Why am I seeing subject lines like "We know Mother's Day and Father's Day can be tough. We wanted to give you the option..." from a candle company I bought fancy hand soap from last Christmas? Why is my neighborhood Spanish-import grocer emailing me to say "At La Piscine, we understand not everyone has an easy relationship with their parents – click here to disable updates on this weekend's sale"? Why are brands sidling up to me, twisting their hats in their hands, as if to apologize for an intemperate remark over cocktails last night? And always darkly hinting at what cannot be said! "We at Spindrift hope you'll overlook what may or may not have been said last Wednesday evening. At the time, we had not been brought abreast of your – unpleasantness – and certainly would never have said anything of the kind, had we known it would touch you so nearly. And we do hope this discount code, entered at checkout, will prove just how serious we are about making things right between us."

"Normally we only try to sell you socks a few times a year. But today, we thought we'd talk to you about a painful moment in your personal life, in the misguided belief that this would enhance your sock-purchasing experience from us."
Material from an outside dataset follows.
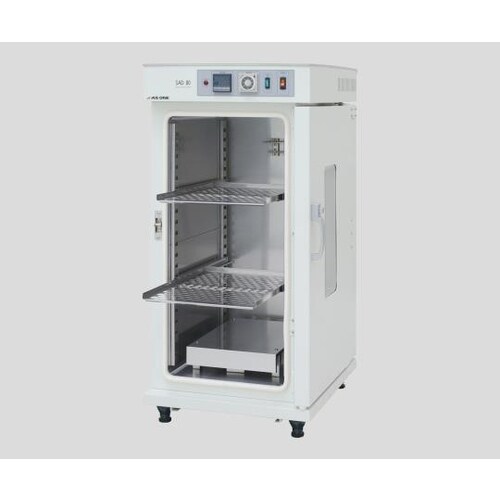 器具保管庫 SAD−80用追加棚板セット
We had a solution for this! Polite small talk! Polite small talk smooths over a multitude of bumps and evils! It's very true that not everyone enjoys Mother's Day, but that was as true one hundred years ago as it is today. This is not a new problem that requires new solutions. This calls for polite small talk. One might expects one's friends to speak of mothers with gracious tact, but not for the Post Office to issue an apology for coming out with Mother's Day-themed stamps. There is no way to make a holiday so anodyne, so generic, that it cannot fail to bring up bad memories for someone. But there is a time and a place for discussing one's deepest feelings about mothers. Those bad memories and personal feelings do not require soothing or cagey euphemisms for a startup shirting company that will cease to exist in eighteen months!

Let brands be guided by Cole Porter's "Well, Did You Evah?" as sung badly but gallantly by Burt Reynolds in At Long Last Love:

"When you're out in smart society/ And you suddenly get bad news,/ You musn't show anxiety/ And proceed to sing the blues/ For example, tell me something sad/ Something awful, something grave,/ And I'll show you how a Racquet Club lad would behave."
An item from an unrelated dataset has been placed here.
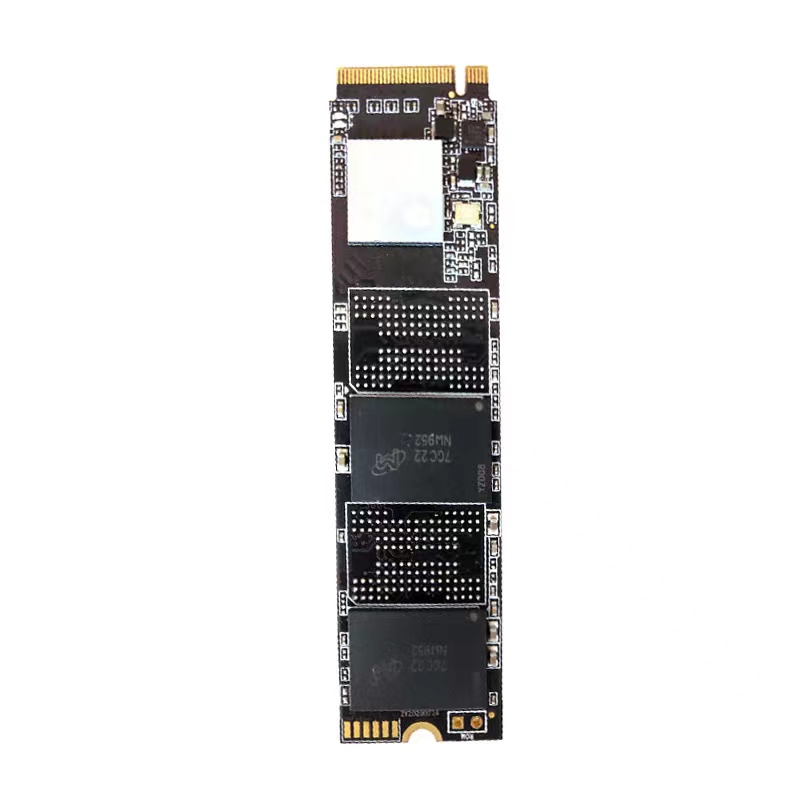 Solid State Disk M.2 NVMe NGFF 128 GB 256 GB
"Have you heard? That poor dear Blanche got run down by an avalanche?"

"Well!" = A noncommittal expression of mild dismay. On-the-surface agreement for the purpose of avoiding open disagreement.  
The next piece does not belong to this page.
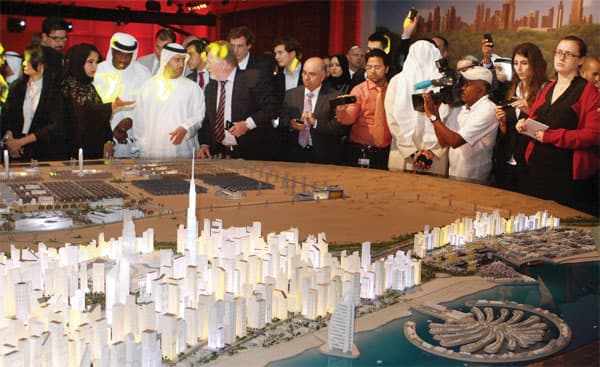 proyecto-parque-solar-Dubai-2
"Did you ever?" = Bland surprise, refusal to rise to the bait or get suckered into a personal conversation.

"What a swell party this is!" = Firm, insistent return to the surface-level.

"Well! Did you ever? What a swell party this is!" This phrase will never let you down as you attempt to steer your battered skiff away from the shoals of the too-personal, back into the safe and sunlit waters of polite small talk. Let it be your guide and watchword, when corporations try to come to talk to you of grief.